- About this task:
Two lines mark the range in the entries below: the one holding "Capelli Sport Brassard" and the one holding "Carteles: Poster Wanted". Set down those two and all lines between them, exactly.

(Scraped caption text data)
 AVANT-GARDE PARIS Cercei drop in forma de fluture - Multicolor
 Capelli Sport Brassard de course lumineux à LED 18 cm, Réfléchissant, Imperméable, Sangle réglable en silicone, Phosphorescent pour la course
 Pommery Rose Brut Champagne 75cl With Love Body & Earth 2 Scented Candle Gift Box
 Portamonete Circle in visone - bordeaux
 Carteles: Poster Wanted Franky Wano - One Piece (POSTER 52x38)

...

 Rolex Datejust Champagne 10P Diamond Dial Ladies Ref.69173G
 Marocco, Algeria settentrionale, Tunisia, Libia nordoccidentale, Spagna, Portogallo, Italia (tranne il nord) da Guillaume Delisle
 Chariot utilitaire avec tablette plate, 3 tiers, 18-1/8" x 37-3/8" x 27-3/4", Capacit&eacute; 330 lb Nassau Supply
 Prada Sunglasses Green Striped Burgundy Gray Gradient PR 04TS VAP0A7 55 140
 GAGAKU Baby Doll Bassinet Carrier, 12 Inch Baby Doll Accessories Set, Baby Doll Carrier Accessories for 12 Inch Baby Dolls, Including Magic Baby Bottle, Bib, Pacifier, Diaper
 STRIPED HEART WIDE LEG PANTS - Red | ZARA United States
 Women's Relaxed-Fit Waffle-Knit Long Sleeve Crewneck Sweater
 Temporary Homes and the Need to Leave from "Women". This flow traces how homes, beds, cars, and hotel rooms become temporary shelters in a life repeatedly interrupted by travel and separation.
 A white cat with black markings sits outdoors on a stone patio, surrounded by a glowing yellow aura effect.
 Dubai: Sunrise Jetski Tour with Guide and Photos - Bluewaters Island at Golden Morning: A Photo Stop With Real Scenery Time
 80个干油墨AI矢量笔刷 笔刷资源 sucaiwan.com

- Your response:
 Capelli Sport Brassard de course lumineux à LED 18 cm, Réfléchissant, Imperméable, Sangle réglable en silicone, Phosphorescent pour la course
 Pommery Rose Brut Champagne 75cl With Love Body & Earth 2 Scented Candle Gift Box
 Portamonete Circle in visone - bordeaux
 Carteles: Poster Wanted Franky Wano - One Piece (POSTER 52x38)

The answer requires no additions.